Ia mengatakan jangan kaget kalau sertifikat itu dirampas oleh bangsa asing maupun bangsa kita sendiri. Fathia menjelaskan modusnya, Bupati dan Wali Kota setempat merayu dan mengiming-imingi para tokoh adat, pemilik tanah keraton dan tokoh masyarakat setempat.
"Mereka diminta memberikan atau menjual tanahnya kepada pemerintah dengan alasan kepentingan publik, sebagai tanah garapan untuk rakyat.," jelasnya.
Anggota Presidium Aliansi Perempuan dan Kemitraan Nasional Indonesia itu juga meragukan kepemimpinan Presiden Joko Widodo dapat mengembalikan hak ulayat, tanah adat dan tanah keraton yang dirampas negara itu.
"Saya rasa, Presiden Jokowi tidak ada kekuatan untuk mengembalikan tanah adat hak ulayat dan tanah kerajaan. Khususnya yang dirampas oleh pemkot dan pemkab sejak otonomi daerah diberlakukan," jelasnya.

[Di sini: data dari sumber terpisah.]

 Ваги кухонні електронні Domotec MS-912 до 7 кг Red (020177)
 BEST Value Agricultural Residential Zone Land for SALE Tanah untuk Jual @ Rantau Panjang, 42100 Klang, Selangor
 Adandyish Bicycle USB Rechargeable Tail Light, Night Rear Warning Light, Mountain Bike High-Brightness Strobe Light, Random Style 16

Ternyata, ungkapnya, para ketua adat, tokoh masyarakat dan keluarga keraton itu banyak yang ditipu oleh Pemkot dan Pemkab di derahnya, sertifikat tanah itu dijual ke pengusaha nasiona dan asing. Apalagi, kebanyakan mereka adalah orang-orang yang lugu dan mengira pemerintahnya baik dan benar.

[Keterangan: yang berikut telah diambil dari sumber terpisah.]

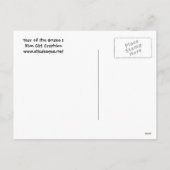 Jaar van de Slang 1 Briefkaart (Achterkant)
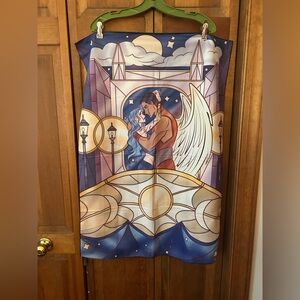 Fantasy Romantacy Whimsical Booktok Bookish Inspired Tapestry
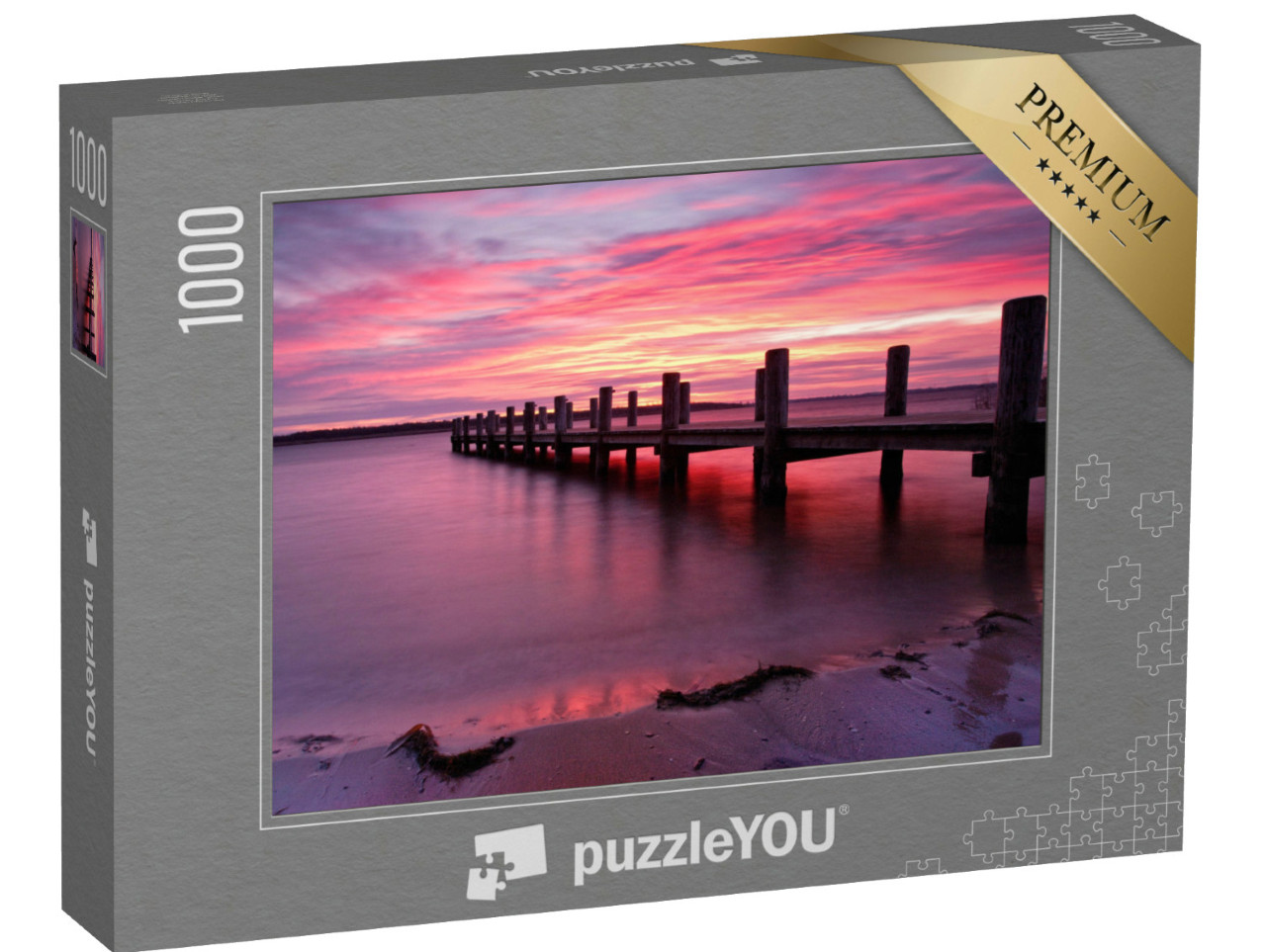 Puzzel 1000 stukjes „Aanleggen in het ochtendlicht“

"Kalau saat ini banyak yang bereaksi dan menderita akibat tertipu oleh pemerintah, itu wajar saja. Keraton Mangkunegaraan juga merasa ditipu dan dirugikan pemerintah," katanya.
Jadi jelasnya, para tokoh adat, keraton dan pemimpin masyarakat meminta kembali hak-hak yangtelah dirampas oleh negara. Ia menegaskan, kalau sudah bicara sita-menyita tanah jangan main-main. Tanah kerajaan ini besar sekali, bukan hanya di Jawa, tetapi juga ada di Sunda Besar dan Sumatera.

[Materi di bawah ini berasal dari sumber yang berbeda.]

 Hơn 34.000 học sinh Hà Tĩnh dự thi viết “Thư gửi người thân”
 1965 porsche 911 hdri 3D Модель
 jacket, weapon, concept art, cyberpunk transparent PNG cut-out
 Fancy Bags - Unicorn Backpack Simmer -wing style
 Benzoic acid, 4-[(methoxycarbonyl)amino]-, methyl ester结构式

"Semua kekayaan kerajaan ini ada bukti dan dokumennya di Departemen Kehakiman. Jadi, sangat mudah untuk menyita kembali tanah yang menjadi milik keraton dan masyarakat adat. Kalau pun ada bangunan di atas tanah, itu ilegal," jelasnya.
Fathia menambahkan, pemerintah sangat takut jika pihak keraton benar-benar menyita kembali tanah miiknya. "Sebelum kami menyitanya kembali, pemerintah harus cepat mengambil alih tanah-tanah itu dan mengembalikannya untuk kesejahteraan rakyat," katanya.